Something for Every Cowboy

Face it. The best way to enjoy a healthy diet is to stay out of restaurants, and cook at home. Unfortunately, after pursuing this course, it is very easy to fall into the trap of simply cooking the same couple of things over and over again.

Dave Lieberman, the smart chef from the Food Network who penned the 2005 cookbook Young and Hungry, offers an impressive new volume of fusion food that spans a wide range of tasty food selections. (Read the additional Texas Cooking Dave Lieberman interview) Running at just over 200 pages, Dave's Dinners emphasizes innovate home cooking using fresh ingredients from the grocery store.

When Jack Lemmon cooked dinner for Shirley MacLaine on the night of their date in The Apartment, a simple plate of spaghetti was sufficient. Over the years, the bar has risen steadily higher. And Liberman's cookbook offers lots of rich dishes that are bound to impress today's modern guest.

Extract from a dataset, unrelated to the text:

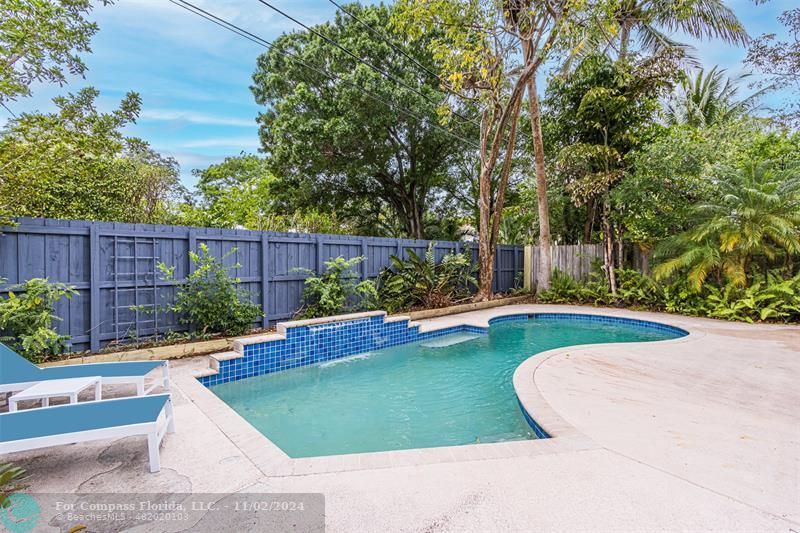 a view of a backyard with swimming pool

The book moves through all the standard types of recipes, although Lieberman emphasizes dinners. Not counting appetizers, soups and desserts, well over half of the book's pages are evening meals, ranging from poultry to meat, pasta and fish.

Lieberman believes that chicken has dropped to such a low level of respect, it has quietly become the "forgotten meat" by chefs around the world. Lieberman uses the space of an entire chapter to prove the experts wrong. "There's really no end to how you can cook a chicken. Whole, in pieces, chicken will go in whatever flavor direction you want to take it.

The very first recipe in this chapter is, oddly enough, a turkey dish. He fronts with the tantalizing Braised Dark Meat Turkey Over Egg Noodles where he writes that dark meat turkey is "way underutilized even though it is so readily available, inexpensive and delicious" After cooking the meat in the savoury brew, it just falls apart and melds to the source, topped by egg noodles.

Innovative Recipes

Innovative suggestions such as this are one of Lieberman's best strengths.

Another impressive dinner recipe is Roasted Chorizo and Sun-Dried Tomato Chicken over Rosemary Black Beans. By tucking the chorizo sausage and the sun dried tomatoes underneath the chicken, dinner will be a truly succulent feast. Lieberman also gives directions on cooking the black beans from scratch in a pot. Canned black beans, with some seasoning, would reduce the prep time for this dish significantly, and still taste fine. However, going all out making a pot of black beans, cooking with the onions, chicken stock and rosemary, would richly impress any guests over for dinner.

As the holidays are approaching, Lieberman includes a great meal suggestion: Lemon Brined Turkey with Sourdough Bread Stuffing and Orange-Fennel Cranberry Sauce. Many of you may have read Patricia Mitchell's informative article on brining a turkey. We've never eaten sourdough bread dressing, but it sure sounds very good, especially if you want to try something different then the classic cornbread dressing.

Keeping with the dinner theme, Lieberman devotes separate chapters to fish, pasta and meat recipes. These contain a very wide range of fish, from tuna, haddock, snapper and tilapia, which is an inexpensive seafood staple in Mexican restaurants.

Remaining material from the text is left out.